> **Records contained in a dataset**
======
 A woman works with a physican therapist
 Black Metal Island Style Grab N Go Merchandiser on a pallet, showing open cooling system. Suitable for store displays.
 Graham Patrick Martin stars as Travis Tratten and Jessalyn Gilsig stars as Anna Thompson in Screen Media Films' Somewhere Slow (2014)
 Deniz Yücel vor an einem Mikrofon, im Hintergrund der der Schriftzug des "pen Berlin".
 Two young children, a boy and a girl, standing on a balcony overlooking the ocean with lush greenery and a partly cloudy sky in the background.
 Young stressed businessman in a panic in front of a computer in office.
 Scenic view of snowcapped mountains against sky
======
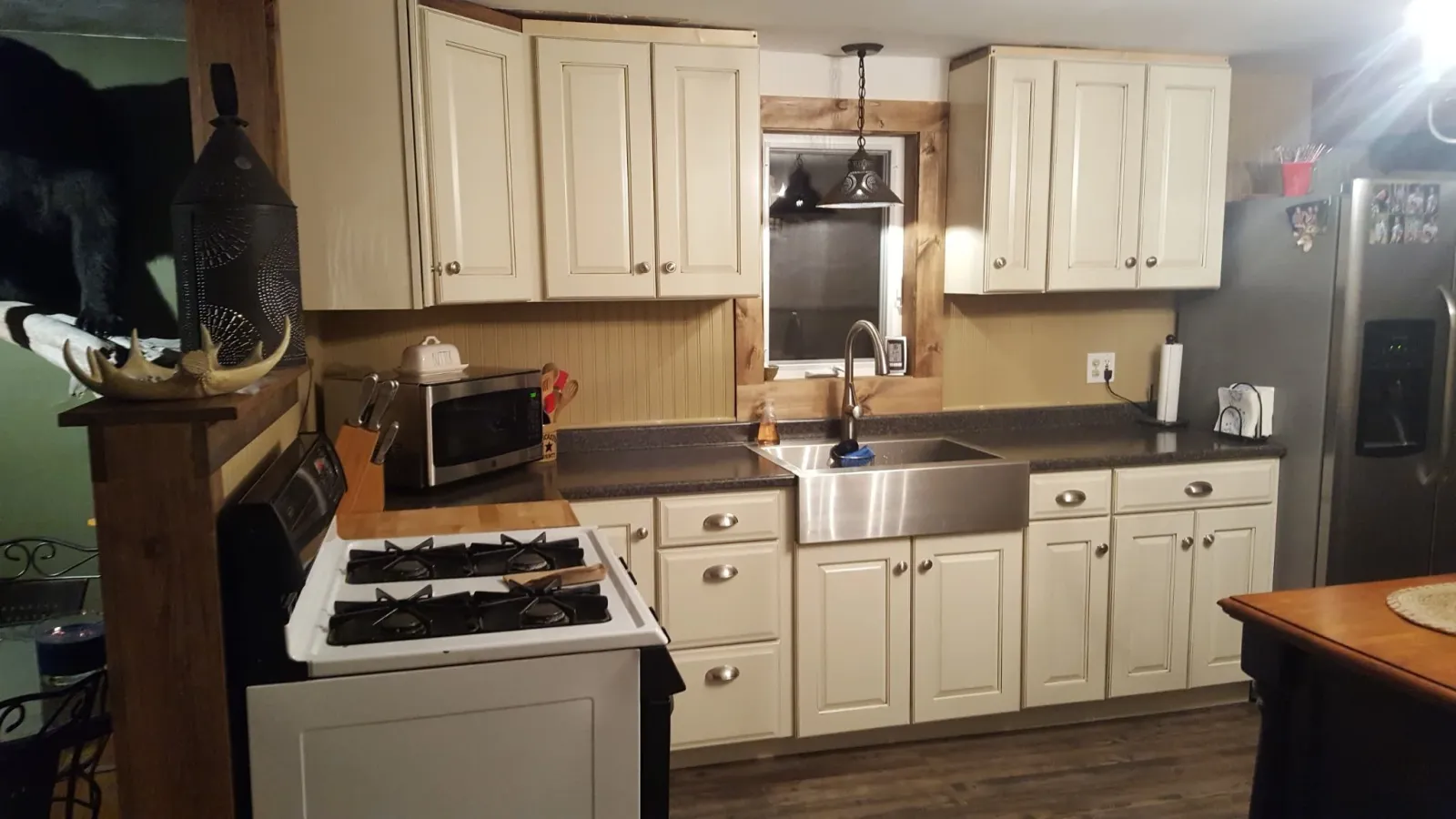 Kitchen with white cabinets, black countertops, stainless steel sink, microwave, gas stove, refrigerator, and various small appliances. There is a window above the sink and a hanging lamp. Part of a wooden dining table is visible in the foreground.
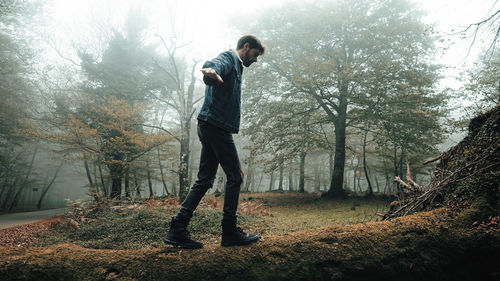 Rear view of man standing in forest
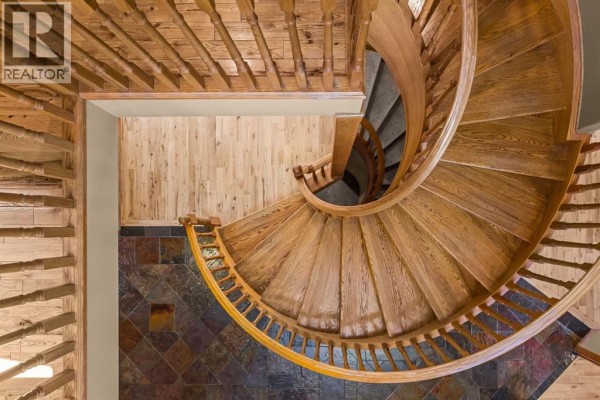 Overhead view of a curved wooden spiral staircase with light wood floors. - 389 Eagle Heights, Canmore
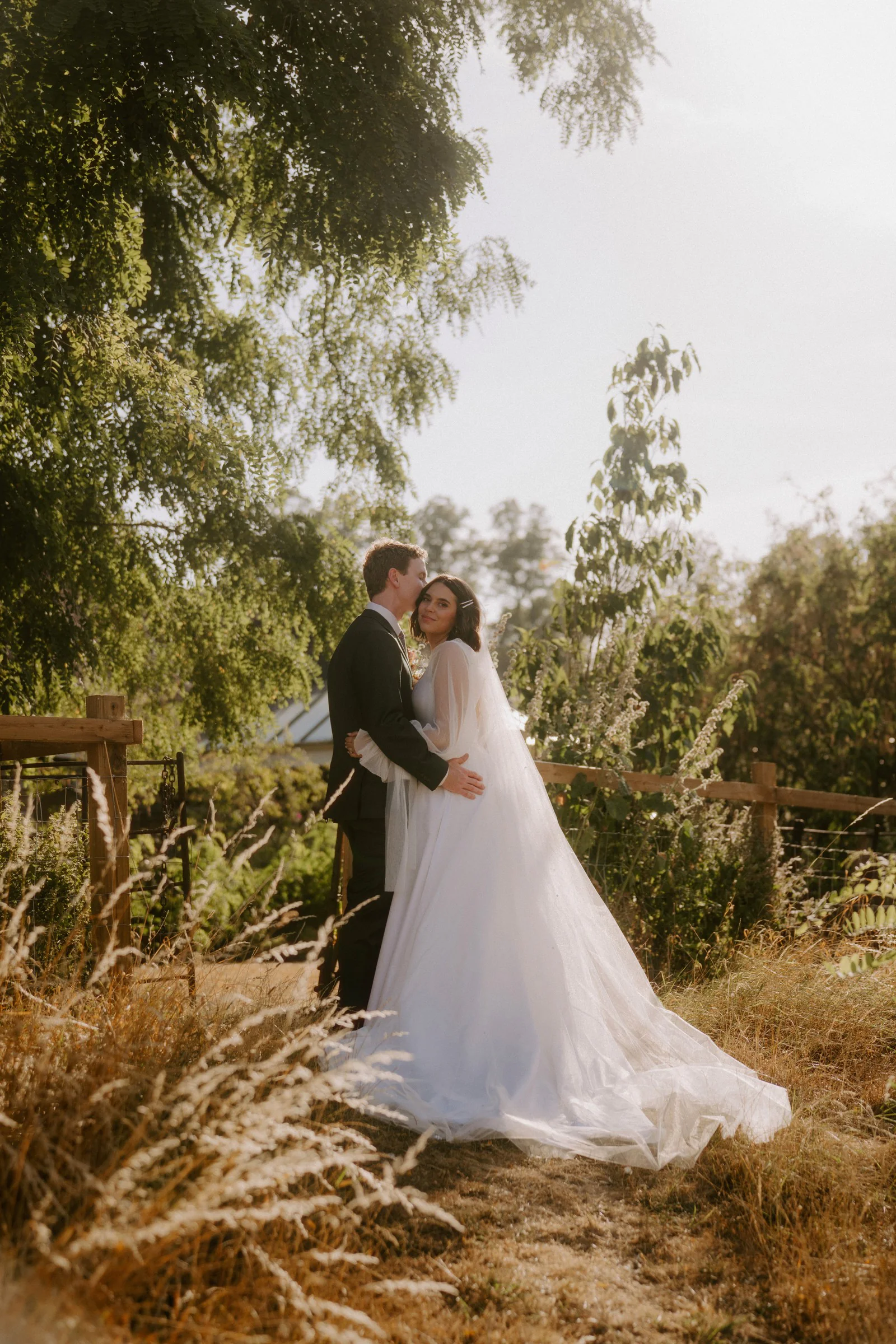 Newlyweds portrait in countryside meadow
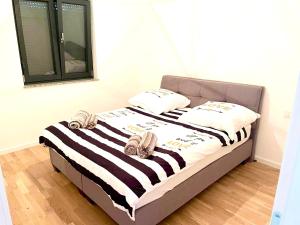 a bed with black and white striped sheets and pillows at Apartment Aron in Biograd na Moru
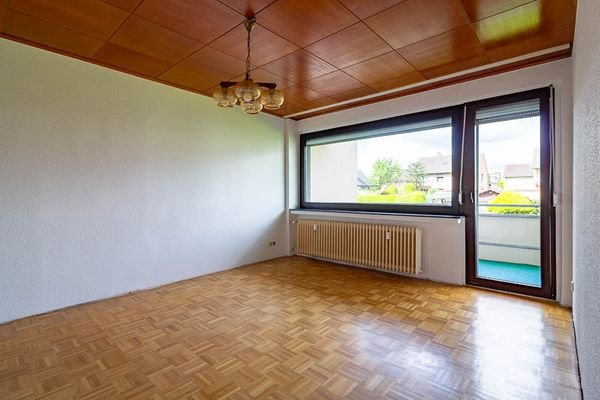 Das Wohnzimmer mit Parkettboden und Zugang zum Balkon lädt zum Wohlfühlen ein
======
> **EXERCISE AIM**
Where the data above reaches the line holding "A woman works with a physican therapist", begin printing, and stop after the line holding "Scenic view of". Each line must be reproduced exactly, with nothing else added.

> **RESPONSE**
 A woman works with a physican therapist
 Black Metal Island Style Grab N Go Merchandiser on a pallet, showing open cooling system. Suitable for store displays.
 Graham Patrick Martin stars as Travis Tratten and Jessalyn Gilsig stars as Anna Thompson in Screen Media Films' Somewhere Slow (2014)
 Deniz Yücel vor an einem Mikrofon, im Hintergrund der der Schriftzug des "pen Berlin".
 Two young children, a boy and a girl, standing on a balcony overlooking the ocean with lush greenery and a partly cloudy sky in the background.
 Young stressed businessman in a panic in front of a computer in office.
 Scenic view of snowcapped mountains against sky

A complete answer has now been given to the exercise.